==== Given data

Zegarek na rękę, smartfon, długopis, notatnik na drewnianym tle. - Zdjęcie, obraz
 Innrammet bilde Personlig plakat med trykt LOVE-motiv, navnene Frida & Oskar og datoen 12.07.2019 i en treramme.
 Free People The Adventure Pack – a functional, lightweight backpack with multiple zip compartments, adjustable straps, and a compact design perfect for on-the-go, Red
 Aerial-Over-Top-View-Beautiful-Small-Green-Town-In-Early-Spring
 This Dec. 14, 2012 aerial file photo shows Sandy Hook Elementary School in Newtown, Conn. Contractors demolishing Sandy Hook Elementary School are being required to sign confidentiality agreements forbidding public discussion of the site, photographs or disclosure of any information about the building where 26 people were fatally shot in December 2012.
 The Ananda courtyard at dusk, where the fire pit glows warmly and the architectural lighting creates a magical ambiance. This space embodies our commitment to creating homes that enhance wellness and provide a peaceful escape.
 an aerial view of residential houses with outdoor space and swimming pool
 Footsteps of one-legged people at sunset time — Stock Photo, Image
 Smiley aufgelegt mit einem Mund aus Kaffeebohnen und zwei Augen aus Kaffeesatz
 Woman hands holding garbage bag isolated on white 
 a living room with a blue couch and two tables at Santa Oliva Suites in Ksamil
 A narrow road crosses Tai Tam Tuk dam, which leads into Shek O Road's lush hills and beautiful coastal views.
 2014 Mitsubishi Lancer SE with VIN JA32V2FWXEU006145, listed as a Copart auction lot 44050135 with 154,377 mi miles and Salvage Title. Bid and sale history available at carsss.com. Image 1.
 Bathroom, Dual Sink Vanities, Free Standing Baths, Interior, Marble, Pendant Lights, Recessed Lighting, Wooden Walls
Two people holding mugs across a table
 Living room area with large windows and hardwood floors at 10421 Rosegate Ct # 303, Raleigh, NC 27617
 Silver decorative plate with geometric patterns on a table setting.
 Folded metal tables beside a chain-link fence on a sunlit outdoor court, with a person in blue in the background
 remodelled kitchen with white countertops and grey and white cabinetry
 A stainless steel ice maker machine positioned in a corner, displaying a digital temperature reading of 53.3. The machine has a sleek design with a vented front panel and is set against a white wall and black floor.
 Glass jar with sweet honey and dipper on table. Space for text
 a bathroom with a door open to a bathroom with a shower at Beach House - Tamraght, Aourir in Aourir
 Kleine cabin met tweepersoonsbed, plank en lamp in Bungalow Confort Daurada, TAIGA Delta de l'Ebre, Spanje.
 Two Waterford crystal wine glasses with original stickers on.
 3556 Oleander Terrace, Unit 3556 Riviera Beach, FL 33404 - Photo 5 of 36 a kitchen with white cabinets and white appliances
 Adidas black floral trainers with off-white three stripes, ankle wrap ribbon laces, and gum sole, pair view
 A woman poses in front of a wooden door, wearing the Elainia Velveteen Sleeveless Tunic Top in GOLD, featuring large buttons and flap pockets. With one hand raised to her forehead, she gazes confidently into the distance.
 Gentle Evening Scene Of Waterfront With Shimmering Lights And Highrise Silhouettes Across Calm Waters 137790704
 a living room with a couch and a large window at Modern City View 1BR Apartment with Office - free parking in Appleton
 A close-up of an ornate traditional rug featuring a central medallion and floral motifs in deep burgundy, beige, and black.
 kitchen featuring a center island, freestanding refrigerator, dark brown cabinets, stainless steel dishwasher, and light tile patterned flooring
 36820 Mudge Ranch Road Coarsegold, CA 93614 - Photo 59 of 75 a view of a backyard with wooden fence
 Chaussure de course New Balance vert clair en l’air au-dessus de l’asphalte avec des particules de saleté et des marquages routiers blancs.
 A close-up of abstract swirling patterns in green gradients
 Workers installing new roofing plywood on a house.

========

Work task:
From the listing above, return the lines starting at the one with "The Ananda courtyard" and ending at the one with "Footsteps of one-legged", both kept, exactly as they appear and nothing more.

Answer below:
 The Ananda courtyard at dusk, where the fire pit glows warmly and the architectural lighting creates a magical ambiance. This space embodies our commitment to creating homes that enhance wellness and provide a peaceful escape.
 an aerial view of residential houses with outdoor space and swimming pool
 Footsteps of one-legged people at sunset time — Stock Photo, Image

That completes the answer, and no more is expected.